/ / Articles

Content To Be A Niche

Do we as readers value Christian speculative fiction to the point of seeing it as a treasure? What if there were no more Christian speculative fiction tomorrow? No self-published e-books, no more POD Marcher Lord Press paperbacks, not any from Splashdown Books either, and none on the shelves of Christian or general market stores.
| Jun 11, 2012 | No comments |

I just started reading a book addressed to Christians about our role in the postmodern, post-Christian age. Some believers, according to this writer, respond by becoming entrenched. They dig in, hunker down, and make the best of the little space they’ve carved out for themselves.

That’s my simplistic interpretation of this particular view, but I mention it because I see a lot of similarity with those of us who declare ourselves to be fans of Christian speculative fiction. We have little interest in “evangelizing” other readers now that we’ve found a) some secular authors that feed our need for the speculative and don’t offend our Christian sensibilities (at least not much or not often); or b) a Christian imprint or a Christian author who provides the type of fiction we like best.

Because our reading preferences are met, the thinking goes, why should we care if Christian speculative fiction grows to include more books or bigger publishing houses or greater numbers of readers? I realize, of course, this description does not fit every fan of Christian speculative fiction or every Christian who is a fan of speculative fiction. Nevertheless, I find the attitude to be more prevalent than I’d like. Quite honestly, it troubles me.

I think there might be several possible causes for it. First is the idea that reading is simply for entertainment. Without a doubt, reading fiction is entertaining. But we do not exist in a vacuum. God did not create us as compartmentalized beings–over here we deal with work, over there with entertainment, and on Sunday’s in our churches, our spiritual well-being.

On the contrary, we are thinking, enjoying, relating, spiritual people no matter when and where we are, no matter what we are doing. Chatting with a co-worker, laughing on (or at 😉 ) the job, praying over a sticky issue–do we as Christians not do those things in the work place, along with reasoning and problem-solving?

Why, then, should we expect to leave our brains outside as we open up a novel? Why should we lay aside our core spiritual values, as if they have nothing to do with how we spend our entertainment time?

Another troubling aspect is the me-centric approach. Who cares about anybody else as long as I have what I need? I find this attitude on the rise in our culture, and we Christians seem to be going along for the ride. Of course, such thinking fragments society, but even more important, it violates Christ’s mandate for us to love our neighbor.

What??? I can hear the cries from here. Not telling others about Christian speculative fiction violates God’s command to love our neighbor? Kind of. The me-centric attitude certainly does. Finding a treasure and keeping it all for ourselves certainly violates God’s command to love our neighbor.

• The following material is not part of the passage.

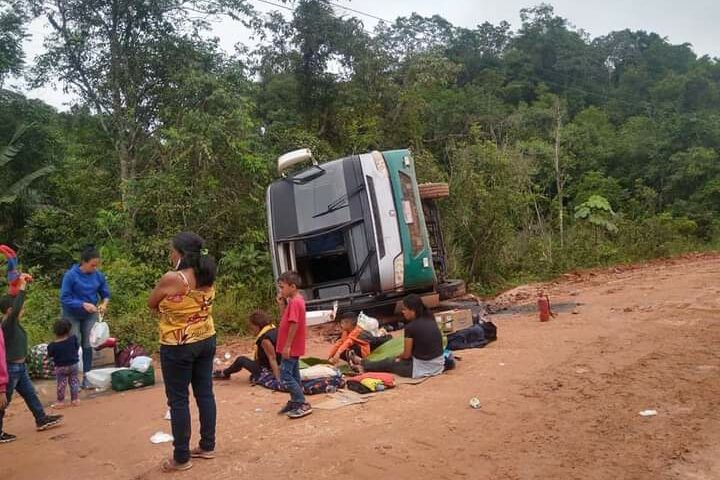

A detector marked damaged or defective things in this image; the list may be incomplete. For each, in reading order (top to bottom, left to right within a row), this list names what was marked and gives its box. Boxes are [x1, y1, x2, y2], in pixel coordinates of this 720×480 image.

But there’s the last issue. Do we as readers value Christian speculative fiction to the point of seeing it as a treasure? What if there were no more Christian speculative fiction tomorrow? No self-published e-books, no more POD Marcher Lord Press paperbacks, not any from Splashdown Books either, and none on the shelves of Christian or general market stores.

Would it matter?

I suspect we would all survive, but I also think we’d lose something powerful–a vehicle that more accurately portrays the world than any other form of story. Speculative fiction paints good and evil in vibrant, living color. We see through story what we know to be true spiritually.

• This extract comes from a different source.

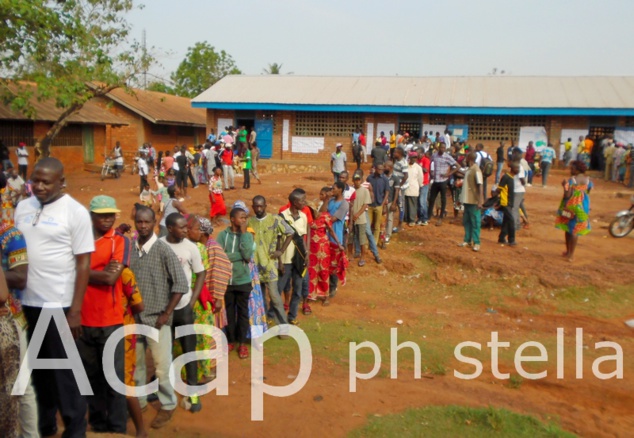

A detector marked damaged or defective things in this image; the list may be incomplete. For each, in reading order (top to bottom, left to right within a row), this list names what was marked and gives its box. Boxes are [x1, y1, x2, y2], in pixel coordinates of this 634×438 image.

rusted metal roof [106, 87, 205, 127]
rusted metal roof [191, 76, 632, 115]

Western culture seems bent on separating Man from what’s most important. We are bombarded from eyes-open to eyes-closed with things to buy and fun to have and jobs to do. Music fills the few blank moments, and TV blares in the background of our conversations. We hardly have a chance to reflect that God matters, that Jesus is our Head, that the Holy Spirit lives within us.

And then we open a Christian speculative novel, and we have the chance to see beyond the bling, beyond business as usual, beyond even the adrenaline rush of entertainment.

So why, when we have Christian speculative fiction, do we keep it to ourselves?

Best known for her aspirations as an epic fantasy author, Becky is the sole remaining founding member of Speculative Faith. Besides contributing weekly articles here, she blogs Monday through Friday at A Christian Worldview of Fiction. She works as a freelance writer and editor and posts writing tips as well as information about her editing services at Rewrite, Reword, Rework.

Leave a Reply

avatar
  Subscribe  
Notify of
Frank Creed
Member

I hope that Christian spec-fic is even used, when the time is right, as a ministry tool. By many readers.

Faith,

Paul Lee
Member

What??? I can hear the cries from here. Not telling others about Christian speculative fiction violates God’s command to love our neighbor? Kind of. The me-centric attitude certainly does. Finding a treasure and keeping it all for ourselves certainly violates God’s command to love our neighbor.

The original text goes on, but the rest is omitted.